Berita

JOHAN O SILALAHI

Publika

Paradox Pilihan Presiden Jokowi

JUMAT, 29 JULI 2016 | 10:10 WIB | OLEH: JOHAN O. SILALAHI

RESHUFFLE kedua Kabinet Kerja akhirnya terjadi juga. Terjadi pada saat kepercayaan publik tentang jadi tidaknya reshuffle kabinet kedua sudah sampai pada titik jenuh. Reshuffle kabinet kedua ini betul-betul menjadi paradox bagi Presiden Jokowi, apakah akan menjadi seperti pemimpin lainnya yang peragu dan selalu lambat mengambil sikap, atau sebaliknya menjadi pemimpin yang penuh percaya diri, bisa cepat dan tepat mengambil keputusan.

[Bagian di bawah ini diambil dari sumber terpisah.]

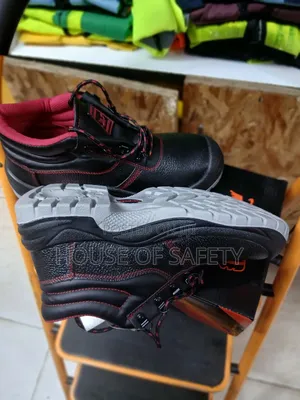 Breathable Leather Work Boots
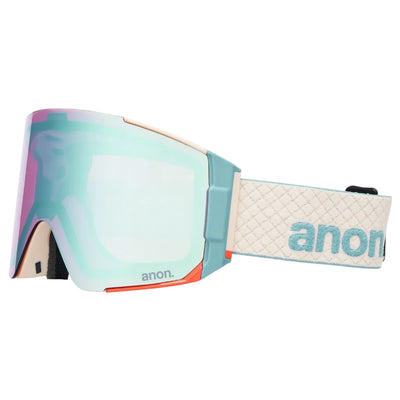 ANON Sync goggles - Oat w/ Variable blue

Secara objektif Saya bisa membaca dan memahami perang batin, pergolakan pemikiran, strategi dan siasat yang dijalankan oleh Presiden Jokowi. Saya akan uraikan disini beberapa aspek penting dan strategis, tapi tetap banyak yang Saya simpan karena sangat sensitif, bisa menjadi senjata dan amunisi untuk menyerang Presiden Jokowi dan pemerintahannya.

Dalam kehidupan, sudah kodratnya Kita selalu dihadapkan pada pilihan. Paradox saat Kita memilih ini terjadi pada semua orang. Bagi Saya paradoxnya adalah jika berada dalam pemerintahan, maka Saya harus ikut bertanggung jawab memperbaiki semua kekurangan pemerintahan yang dipimpin oleh Presiden Jokowi. Sebaliknya jika berada di luar pemerintahan, karena kecintaan Saya pada bangsa dan negara ini, mau tidak mau, suka tidak suka, Saya akan selalu membantu memberikan kritik konstruktif dengan berbagai alternatif solusinya.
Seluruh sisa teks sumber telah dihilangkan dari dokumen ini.